:: AIM OF THE TASK ::
Among the lines of the records, please find those that contain the word "good" and copy them.

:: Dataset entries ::
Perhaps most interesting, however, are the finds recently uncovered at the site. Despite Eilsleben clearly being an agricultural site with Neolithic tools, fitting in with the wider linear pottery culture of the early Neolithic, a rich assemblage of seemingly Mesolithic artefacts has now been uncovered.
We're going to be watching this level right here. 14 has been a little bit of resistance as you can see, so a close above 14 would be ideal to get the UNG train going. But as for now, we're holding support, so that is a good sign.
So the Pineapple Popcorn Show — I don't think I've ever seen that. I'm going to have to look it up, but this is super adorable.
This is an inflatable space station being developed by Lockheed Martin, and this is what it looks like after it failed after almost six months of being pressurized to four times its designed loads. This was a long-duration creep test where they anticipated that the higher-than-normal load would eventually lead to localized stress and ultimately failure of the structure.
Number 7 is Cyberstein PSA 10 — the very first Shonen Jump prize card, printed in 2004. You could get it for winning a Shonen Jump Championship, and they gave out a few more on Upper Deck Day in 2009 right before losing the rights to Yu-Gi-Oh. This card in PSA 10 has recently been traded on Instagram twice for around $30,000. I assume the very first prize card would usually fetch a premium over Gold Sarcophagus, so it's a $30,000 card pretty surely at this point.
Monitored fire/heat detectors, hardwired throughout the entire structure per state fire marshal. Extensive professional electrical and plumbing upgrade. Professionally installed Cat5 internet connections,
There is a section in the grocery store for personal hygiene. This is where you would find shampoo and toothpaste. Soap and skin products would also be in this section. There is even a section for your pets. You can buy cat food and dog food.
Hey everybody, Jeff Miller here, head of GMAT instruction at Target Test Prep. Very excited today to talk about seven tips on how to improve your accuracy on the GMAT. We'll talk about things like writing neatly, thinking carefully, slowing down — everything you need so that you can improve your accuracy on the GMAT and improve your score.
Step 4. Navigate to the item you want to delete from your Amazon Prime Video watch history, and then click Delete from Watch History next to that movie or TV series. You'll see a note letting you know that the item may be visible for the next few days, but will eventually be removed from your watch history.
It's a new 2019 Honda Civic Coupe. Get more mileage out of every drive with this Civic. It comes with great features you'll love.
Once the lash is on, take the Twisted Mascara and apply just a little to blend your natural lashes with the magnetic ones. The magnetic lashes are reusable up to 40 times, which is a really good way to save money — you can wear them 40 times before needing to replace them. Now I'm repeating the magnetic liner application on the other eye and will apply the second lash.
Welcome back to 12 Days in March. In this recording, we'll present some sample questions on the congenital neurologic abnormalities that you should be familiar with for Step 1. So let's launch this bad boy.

:: OUTPUT OF THE TASK ::
We're going to be watching this level right here. 14 has been a little bit of resistance as you can see, so a close above 14 would be ideal to get the UNG train going. But as for now, we're holding support, so that is a good sign.
Once the lash is on, take the Twisted Mascara and apply just a little to blend your natural lashes with the magnetic ones. The magnetic lashes are reusable up to 40 times, which is a really good way to save money — you can wear them 40 times before needing to replace them. Now I'm repeating the magnetic liner application on the other eye and will apply the second lash.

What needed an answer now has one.